My foray into more of a vegetable and plant-based world has been encouraged by a friend who has recently decided to eat a Vegan diet.  I am supportive of his decision and I am hoping that his food choices will help him alleviate some of his medical anomalies.

In his quest to research his new eating style, he has sent me several videos on the topic and they have been very interesting, to say the least.  For a woman somewhat shy of fifty, I have noticed my body does not react well to the foods that were once digested without a second thought.  Bloating is a common complaint so I decided to investigate a plant-based diet and give it a try.  I am not confessing to becoming a Vegan but I am going to give this new lifestyle a fair shot and see how I feel after a couple of weeks.

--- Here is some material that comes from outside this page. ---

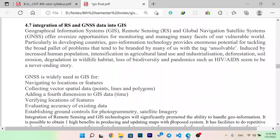Hello guys, I am in the GIS collector series. In this lecture, we are covering the integration of remote sensing and GNSS data into GIS. In the Geographic Information System, remote sensing and global navigation satellite system are key components.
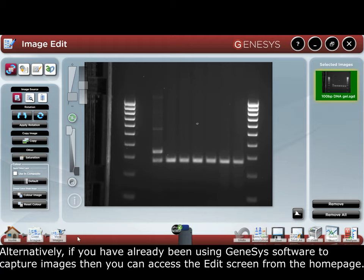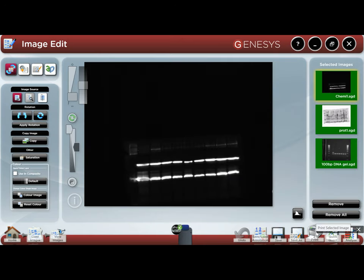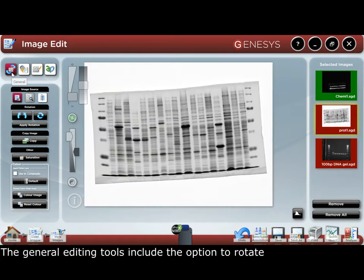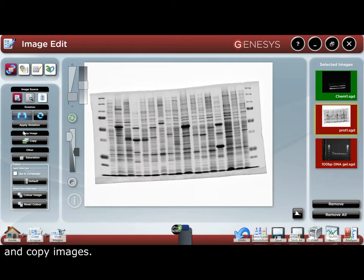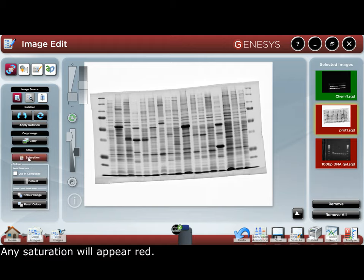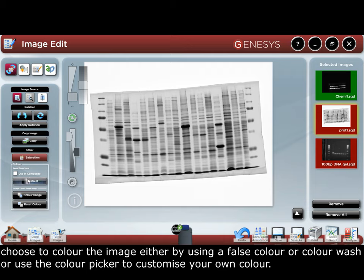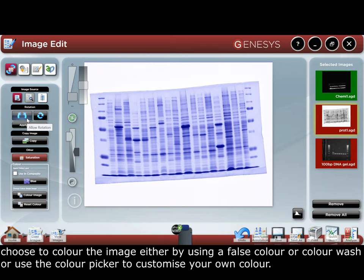The general editing tools include the option to rotate and copy images. To ensure your image is not saturated for quantification purposes, any saturation will appear red. Choose to color the image either by using a false color or a color wash, or use the color picker.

Food plays a huge role in our lives.  In our twenties, we could eat whatever we wanted.  In our thirties, we became a little more conscientious and made better choices.  In our forties and fifties, we become sadly aware that we are no longer in our twenties and thirties and our lifestyles have to evolve.  I am excited to venture into this new chapter of healthy eating and thankful that the internet is a wealth of knowledge when it comes to recipe ideas.

The carrot bacon is done.  The pistachios, walnuts and almonds are toasted.  The breakfasts and lunches are prepared for the next few days and I am eager to find out how this journey evolves and how my body adapts to the changes.  My first two plant-based dinners were a huge success and I felt full without feeling sluggish.  That to me is a huge step in the right direction.

I am not committing 100% to the Vegan diet.   I may have the odd meal that may not be entirely plant-based but  I am willing to commit to taking this new journey one day at a time.  If it improves my health and well-being, I’m willing to give it a try.